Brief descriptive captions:
-- -- --

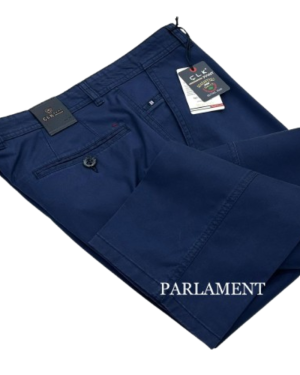 Mens’  Khaki ckl Navyblue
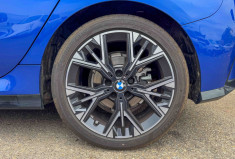 BMW Série 1 120i 170cv M Sport toit ouvrant ALCANTARA GARANTIE 4 ans F40 DCT7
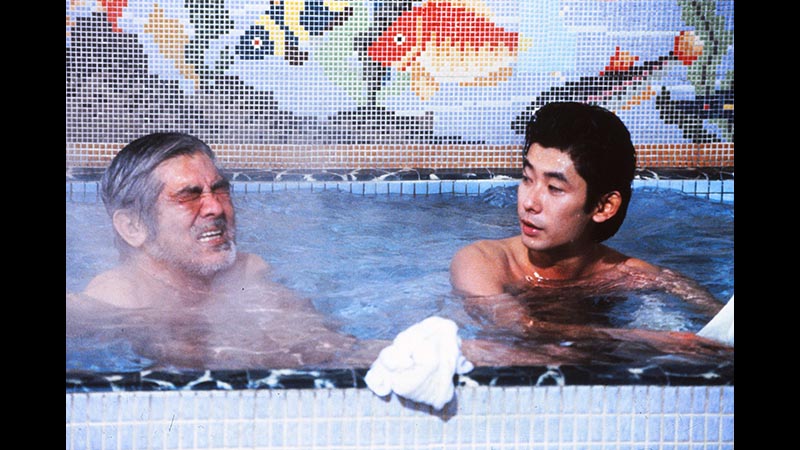 西田敏行「遺体」「学校」「家族ノカタチ」DVD 山田洋次 東日本大震災 Amazon.co.jp: 学校II [DVD] : 西田敏行, 吉岡秀隆, 中村富十郎(五代目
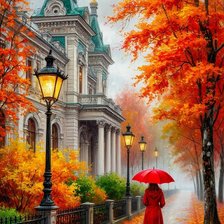 Cross stitch pattern: #2918869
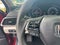 2018 Honda Accord Sedan LX 1.5T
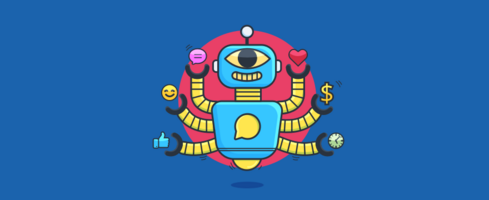 10 Chatbot Benefits and How to Master Their Use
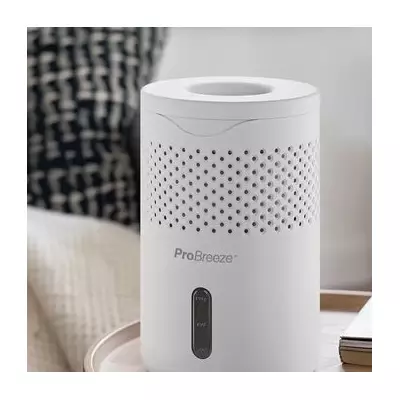 Pro Breeze Moisture Absorber Slashed to £30.99 in Debenhams Sale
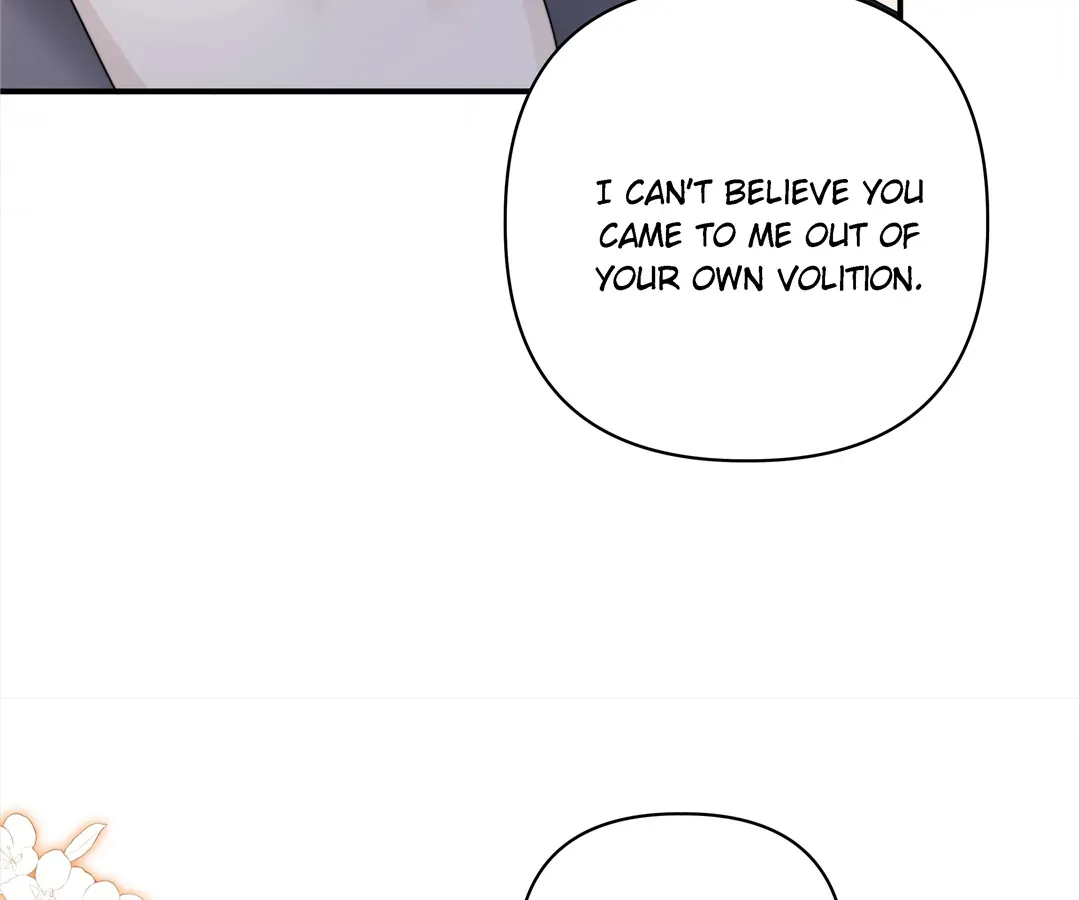 From Contract to Connection Chapter 10 page 8 - 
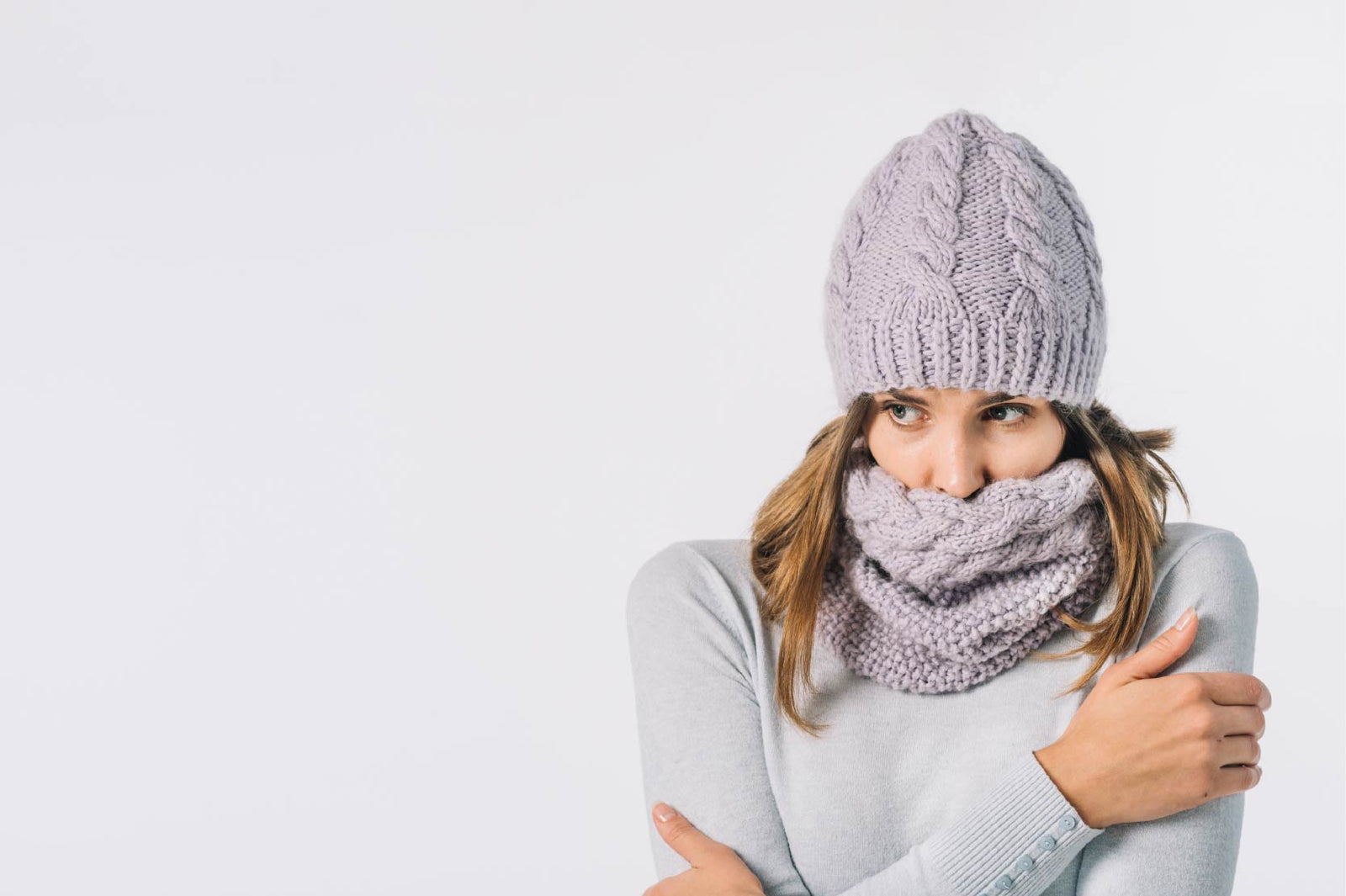 Cuidarte en invierno: 5 hábitos clave para sentirte bien durante las fiestas - Hi Vitamins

-- -- --

### Your objective
Go through the records and repeat each one exactly, skipping anything that is a picture.

### Answer
 Mens’  Khaki ckl Navyblue
 BMW Série 1 120i 170cv M Sport toit ouvrant ALCANTARA GARANTIE 4 ans F40 DCT7
 西田敏行「遺体」「学校」「家族ノカタチ」DVD 山田洋次 東日本大震災 Amazon.co.jp: 学校II [DVD] : 西田敏行, 吉岡秀隆, 中村富十郎(五代目
 Cross stitch pattern: #2918869
 2018 Honda Accord Sedan LX 1.5T
 10 Chatbot Benefits and How to Master Their Use
 Pro Breeze Moisture Absorber Slashed to £30.99 in Debenhams Sale
 From Contract to Connection Chapter 10 page 8 - 
 Cuidarte en invierno: 5 hábitos clave para sentirte bien durante las fiestas - Hi Vitamins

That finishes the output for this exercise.